The monitor had gone into sleep mode. She got it up and running again, but she was having the same problem she'd had since she got back yesterday from breakfast with Hank and Antonia—she couldn't access Manny's files without his password. Why did the bastard need a password? Had he decided she was nuts and couldn't be trusted with access to his files?
She'd tried every possible password combination she could think of. Eric's middle name, his birthday, the name they'd picked out if he'd been a girl. Her middle name. Her maiden name. Their wedding date. Manny was a sentimentalist at heart, and he wasn't particularly creative or intricate in his thinking. It had to be something obvious.
Irritated, she typed bullheaded, but that didn't work, either.
Tyler North? Nope, not in any combination she tried.
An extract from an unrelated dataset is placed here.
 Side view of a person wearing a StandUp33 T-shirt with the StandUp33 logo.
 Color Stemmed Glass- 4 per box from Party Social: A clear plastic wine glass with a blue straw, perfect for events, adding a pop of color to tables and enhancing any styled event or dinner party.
If she called Manny and asked him for his password, he wouldn't tell her. He'd just say "butt out" and hang up. Or not bother to call her back at all.
Stubborn.
Irritating.
Nothing was working. She flopped back against her chair and sipped her Diet Coke. She had to stay busy. If she didn't, she'd think. She'd relive the scary, early days of Eric's illness. She'd relive charging off to the emergency room while Manny was out of the country, facing dangers of his own—he couldn't talk about most of his missions, but she was well aware of what he did.
She didn't think, not then, that she could lose them both, her husband to combat, her son to illness. Only afterward, only when they were safe. It was sick, but there it was.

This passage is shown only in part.